[TRY IT] Beginning with the line containing "Twin XL 3 Piece" and going on through the line containing "JAYEE 50 Pack", the lines below are to be returned exactly, pictures excluded and nothing added.

[RECORD SET]
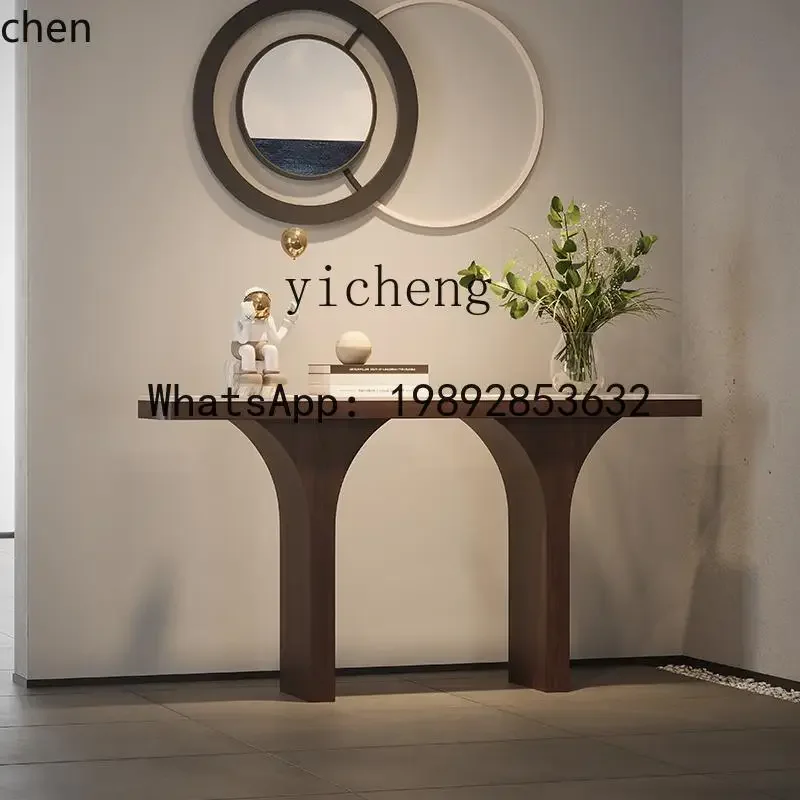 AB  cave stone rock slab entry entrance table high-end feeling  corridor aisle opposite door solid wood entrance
==
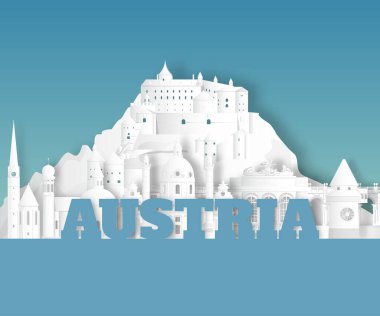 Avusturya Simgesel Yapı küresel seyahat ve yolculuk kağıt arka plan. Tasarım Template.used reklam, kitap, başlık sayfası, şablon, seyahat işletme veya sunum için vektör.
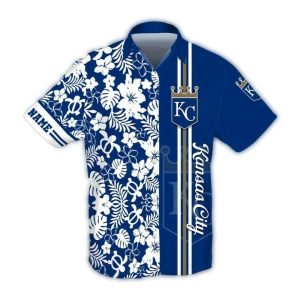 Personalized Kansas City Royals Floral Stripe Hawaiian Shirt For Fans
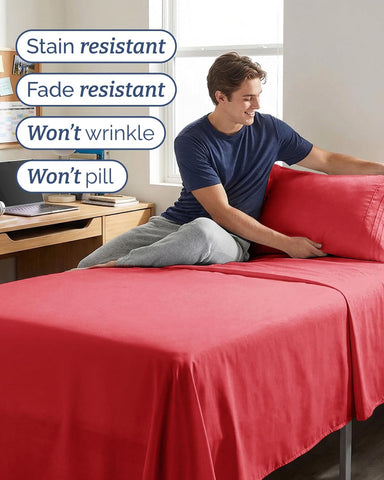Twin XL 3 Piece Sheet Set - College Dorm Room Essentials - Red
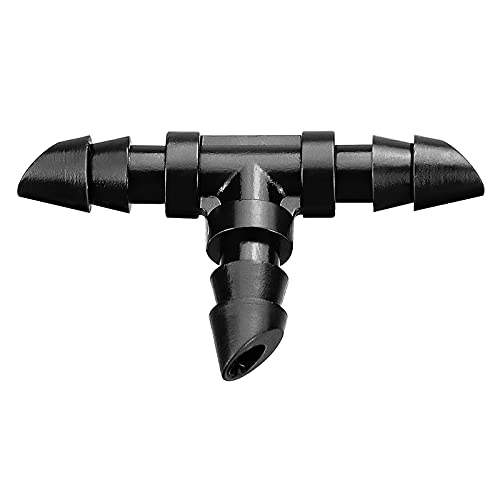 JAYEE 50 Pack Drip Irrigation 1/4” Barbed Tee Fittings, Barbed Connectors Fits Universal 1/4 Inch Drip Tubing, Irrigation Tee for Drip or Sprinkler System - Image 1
==
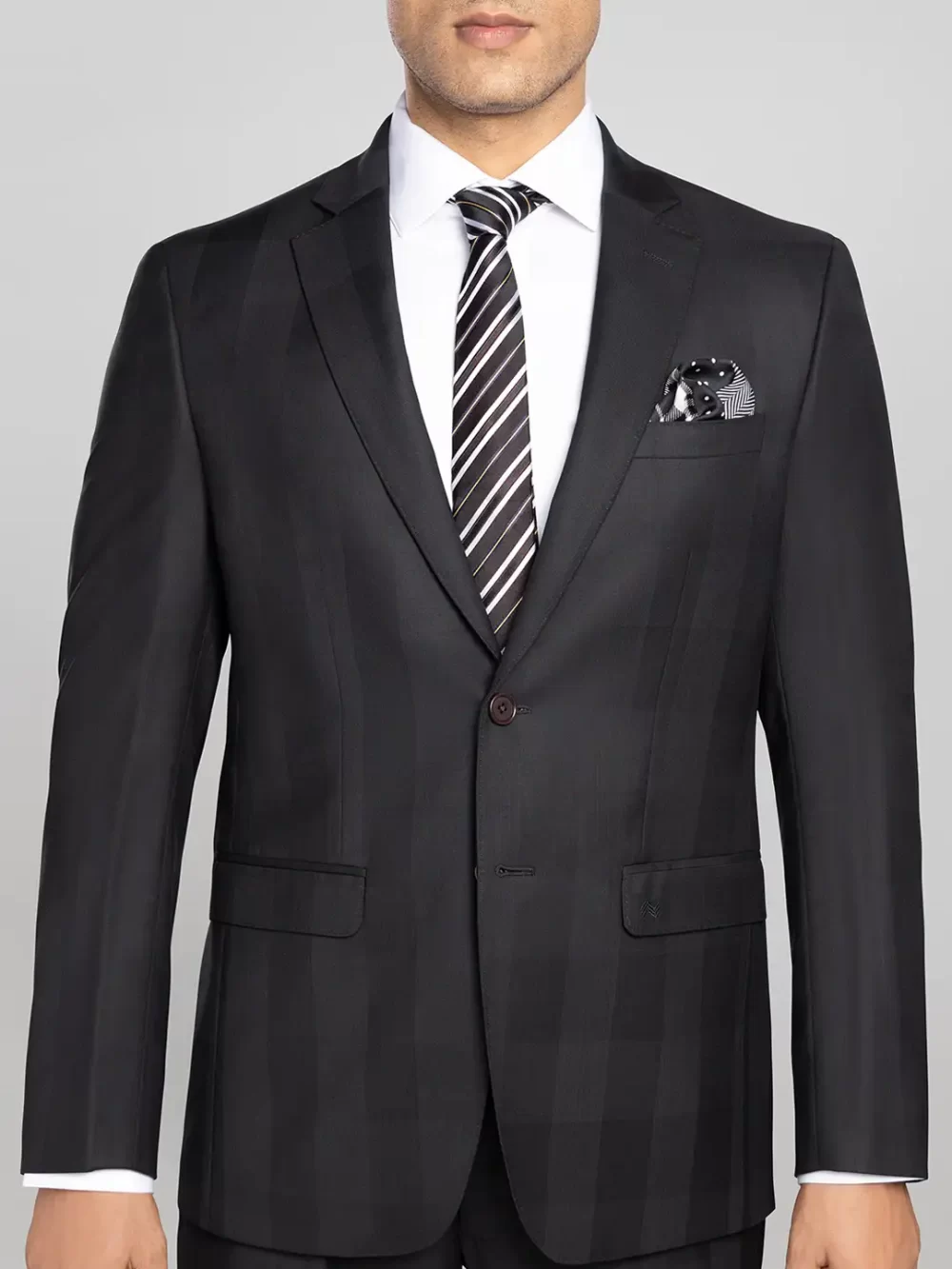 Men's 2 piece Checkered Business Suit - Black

[WRITTEN SOLUTION]
Twin XL 3 Piece Sheet Set - College Dorm Room Essentials - Red
 JAYEE 50 Pack Drip Irrigation 1/4” Barbed Tee Fittings, Barbed Connectors Fits Universal 1/4 Inch Drip Tubing, Irrigation Tee for Drip or Sprinkler System - Image 1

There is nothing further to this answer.